Many of the attacks on Obama—and, for that matter, on George W. Bush and Clinton—seem tame by comparison to 1940. We forget how truly polarizing a figure FDR was. And today’s media would have had a field day with the tension between Roosevelt and his vice president, John Garner, whom the president “had come to detest” (84). The book is also a useful reminder of how hard it is, as John Kerry found out in 2004, to unseat a sitting president in time of war.

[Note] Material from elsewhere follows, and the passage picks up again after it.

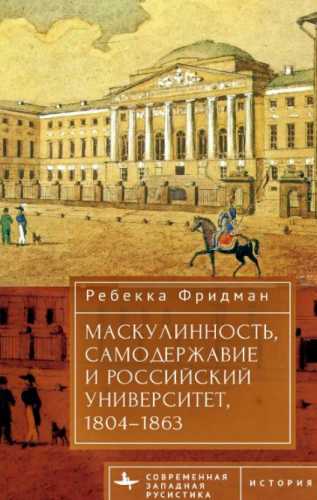 Маскулинность, самодержавие и российский университет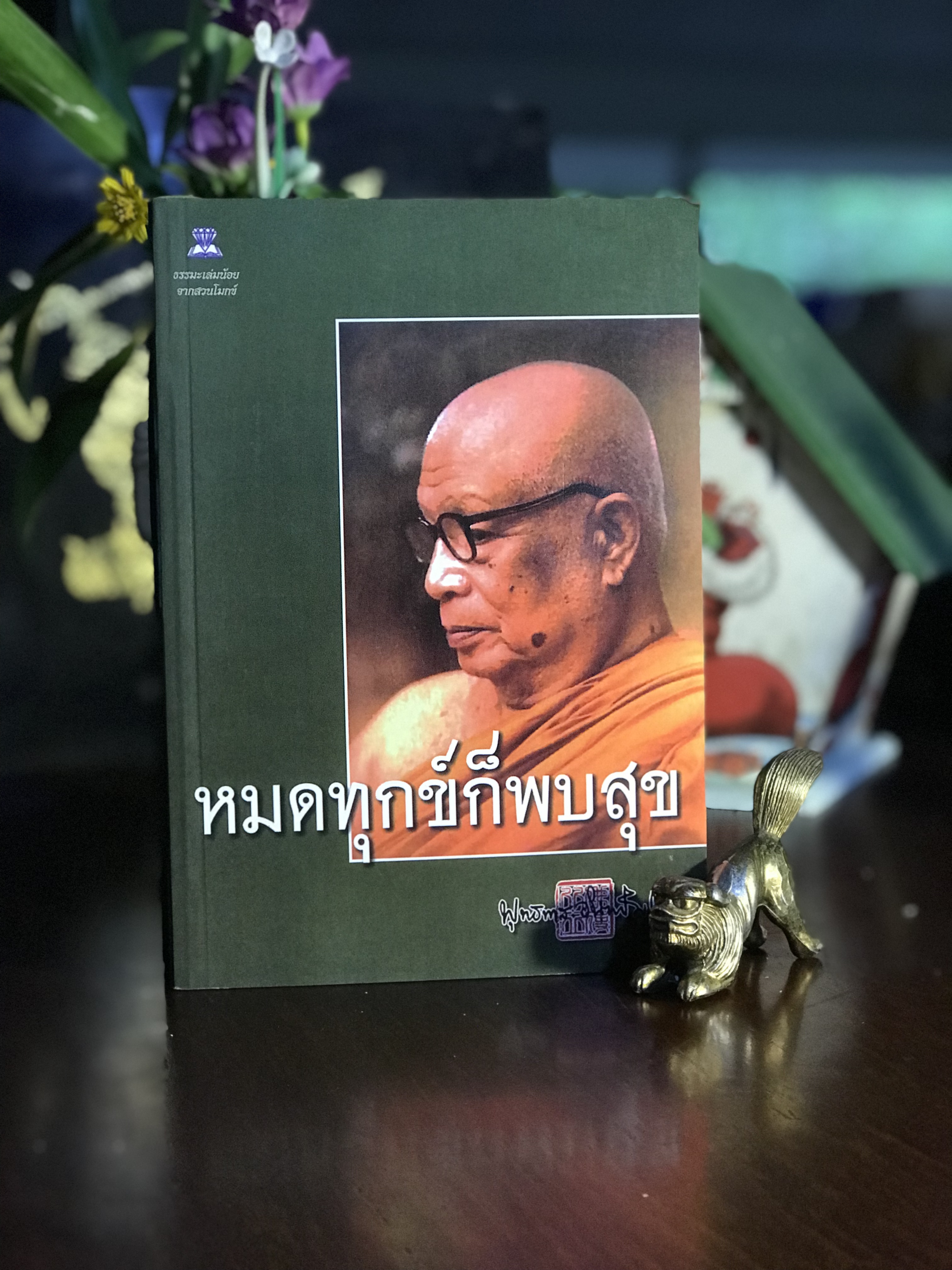 หมดทุกข์ก็พบสุข ผู้เขียน: พุทธทาสภิกขุ สำนักพิมพ์: ไพลิน | WA2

And then there is 2016. Like Franklin D. Roosevelt, Hillary Clinton today has effectively “frozen the field.” The Nation eagerly awaits her decision whether or not to seek the presidency, and to a potential Third Term, of sorts, for Bill Clinton. Waiting in the wings, of course, is also Jeb Bush, who harbors dreams of a different type of Third Term for the Bush family. Should either (or both) run for the presidency, many of the same issues and concerns that first arose in 1940 will be in the public arena again.

When Theodore Roosevelt considered running in 1912, he said that Americans “were ‘sick and tired’ of the Roosevelts.” FDR shared the same concern in late 1939 (94). Recently, Barbara Bush echoed these sentiments regarding her family, as have, of course, critics of the Clintons. Will we see in a few years a return of much of the same rhetoric from 1940?

Roosevelt’s Second Act is a spellbinding read and a deeply impressive achievement, remarkably detailed and thoroughly researched. Moe makes both Roosevelt’s decision to run as well as the 1940 election incredibly suspenseful, even though both outcomes are known. This reader hopes that Moe himself has a second act within him to showcase his many gifts as an historian: perhaps another book, on the election of 1944?